It could take up to four years to deliver economic reform and job creation in the Middle Eastern countries shaken by the Arab Spring revolutions, a senior World Bank official has warned.

Sri Mulyani Indrawati, the Bank’s managing director for the Middle East and North Africa (MENA) region, said there was a risk of “disappointment” among people who rose up against their corrupt rulers.

Sri Mulyani, who became finance minister of Indonesia after playing a key role in the protests against the corrupt regime of President Suharto, said she drew on her own experience when the revolutions broke out across the Arab region.

“The most critical part is going to be managing the expectations,” she said in an interview with Emerging Markets. “When people see the political change happening rapidly, people think the situation will change accordingly and immediately.

“But that’s not going to happen. And that’s what also happened in Indonesia.
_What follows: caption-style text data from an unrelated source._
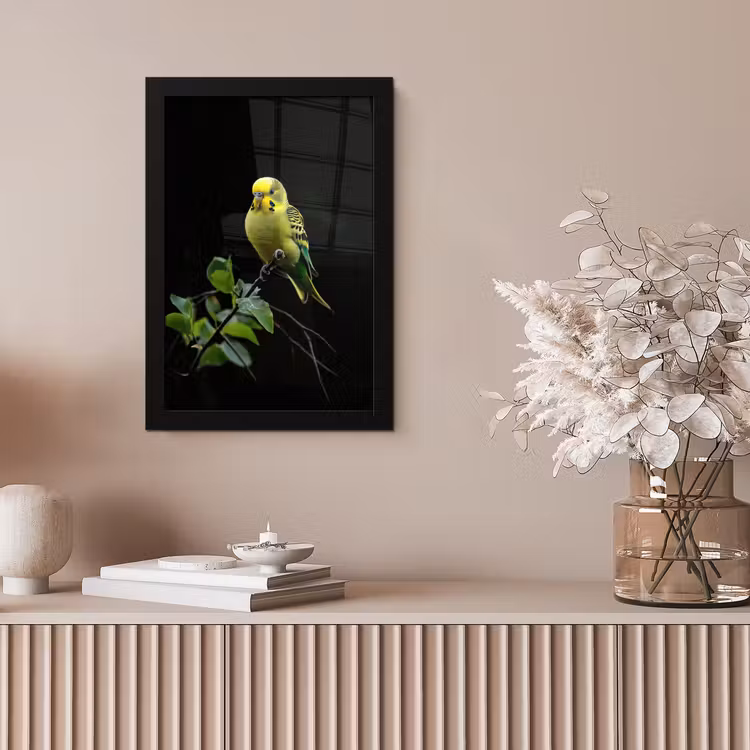 Poster met lijst - Parkiet - Tak - Bladeren - Geel — 5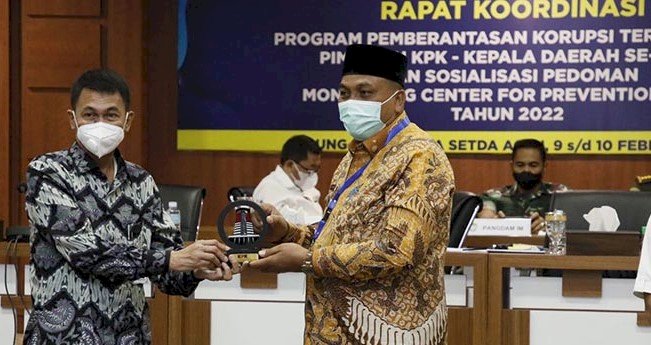 Wakil Ketua KPK, Nawawi Pomolango di acara rapat koordinasi program pemberantasan korupsi terintegrasi yang digelar di kantor Gubernur Aceh/Ist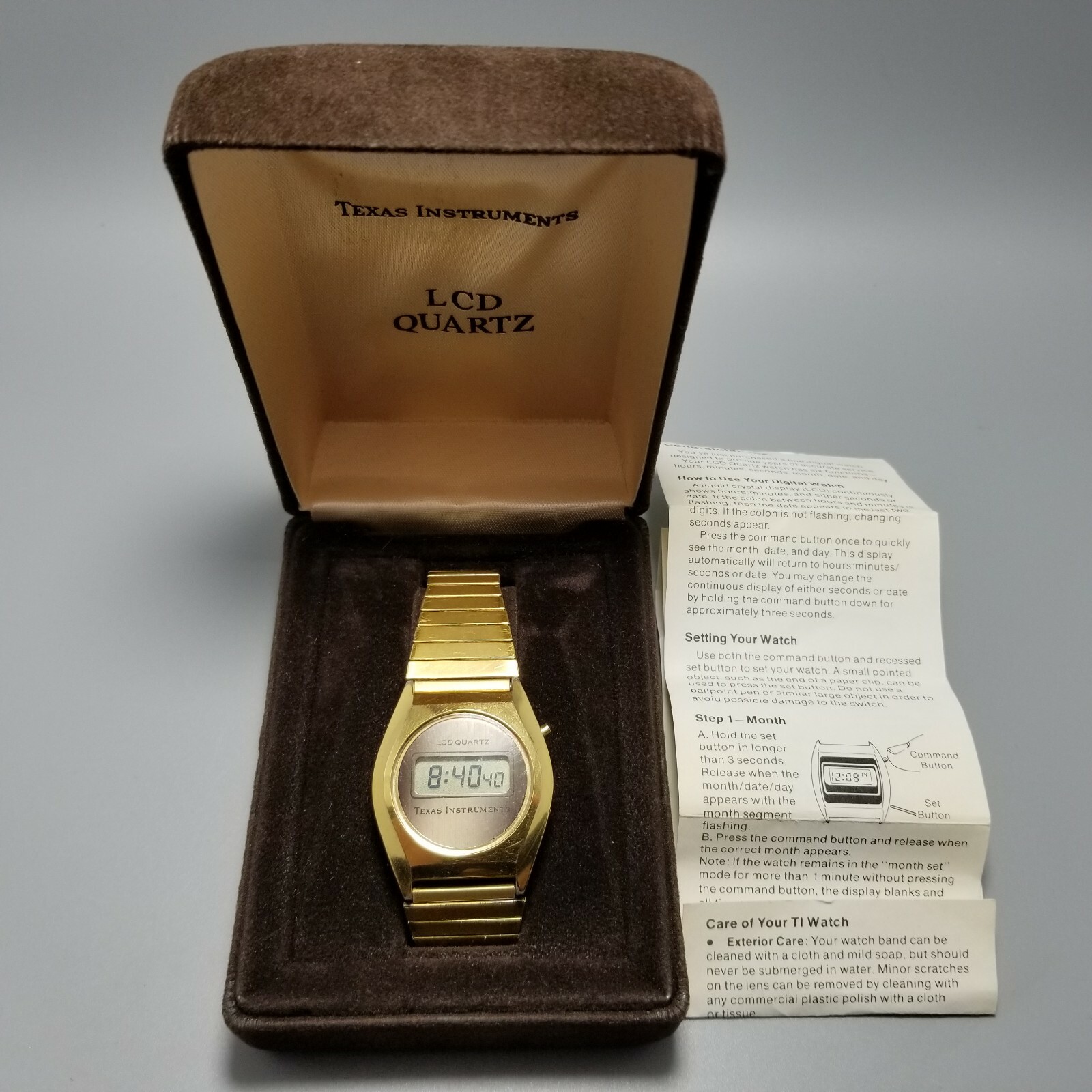 texas instruments lcd quartz watch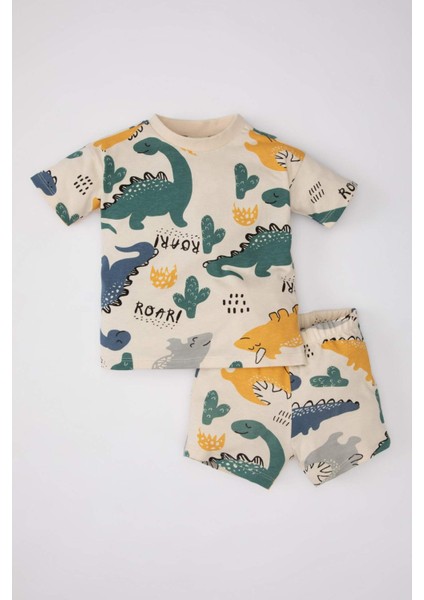 Erkek Bebek 2'li Takım Dinazor Baskılı Bisiklet Yaka Kısa Kollu Tişört Şort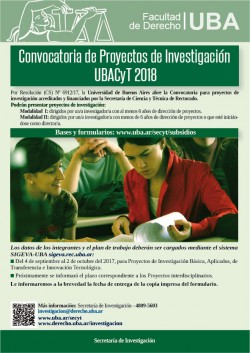 Convocatoria de Proyectos de Investigación UBACyT 2018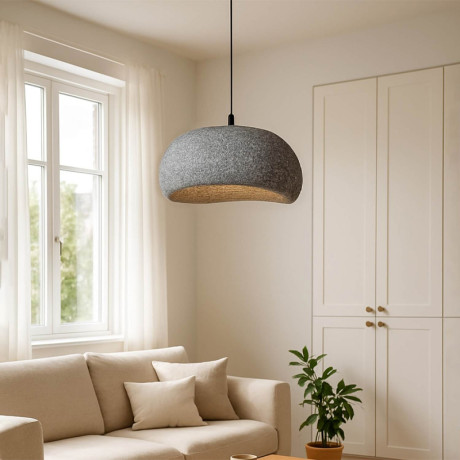 Φωτιστικό Οροφής Riven Megapap e27 Polyester Μονόφωτο Χρώμα Γκρι Ø35x80εκ.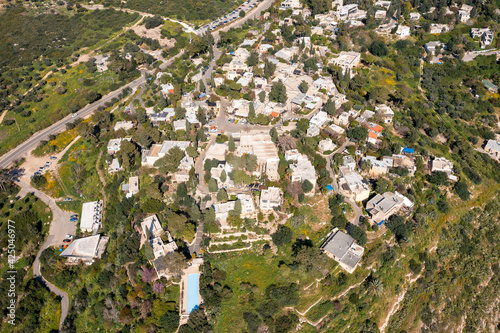 Ein Hod Artist hillside village houses, Aerial view. photo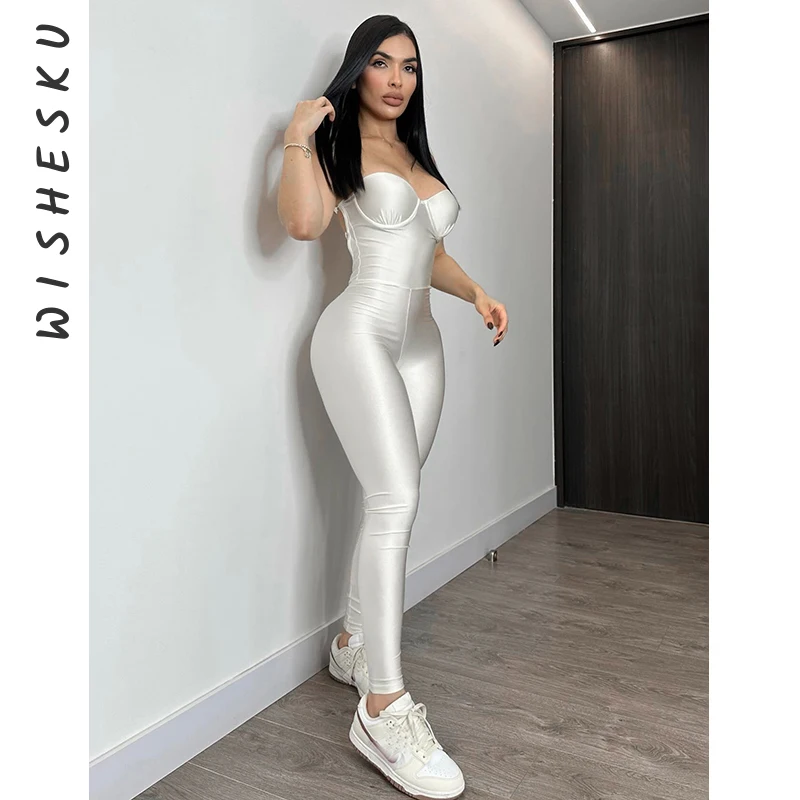 Sexy Strapless Corset Jumpsuits Women Silver Backless Skinny One Piece Rompers 2024 Spring Fall Lolita Y2K Clothes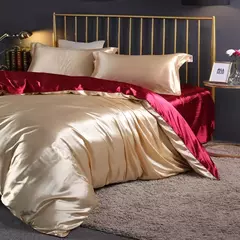 Conjunto De Cama De Luxo Com Capa De Edredão, 100% Seda, Duplo King e Queen Size, Conjuntos De Roupa De Cama, Kit De Capa De Cama, 4PCs - Wolf Magazine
The first indication of this gap between expectation and reality is actually disappointment – and that happened in Indonesia for the first three or even four years [after Suharto’s resignation].”

In May, the G8 group of rich countries pledged E20 billion of financial support to the MENA region to be channelled through the European Bank for Reconstruction and Development and the African and Islamic development banks.

Sri Mulyani said the task for policymakers was to identify areas that could be dealt with most quickly and which were most affordable.

“Fiscal constraint is going to be there with economic deterioration. Revenues will be squeezed, while the pressure on the popular side is very strong,” she said, adding that government subsidies to offset fuel price rises would add to pressure on budgets.

“So you will see that the combination of their own fiscal situation, which is very limited, with the pressure from the populace in terms of delivering a better environment – according to their own expectation – is creating a very real pressure.”

And she warned: “If it is not handled well, you are going to see confidence weakening.” Policymakers had to present “a more realistic picture” to the population.

The Bank is forecasting that growth in the MENA region will average 4.1% this year and 3.8% in 2012 – although global uncertainty is clouding the horizon.

The International Finance Corporation, the Bank’s private sector lending arm, aims to invest up $6 billion, including $2 billion in mobilization, in MENA by 2015, its CEO told Emerging Markets.

Lars Thunell said that $1.7 billion was invested in the year to June 2011, directed towards creating jobs by stimulating private-sector growth.

Stimulating entrepreneurship is a priority, Thunell said. “The thing we are really focusing on as part of this is the whole question of creating jobs.

“The important thing is to have small firms grow and move from the informal to the formal sector, because we know that [as a result, they] will employ eight times as many people over time.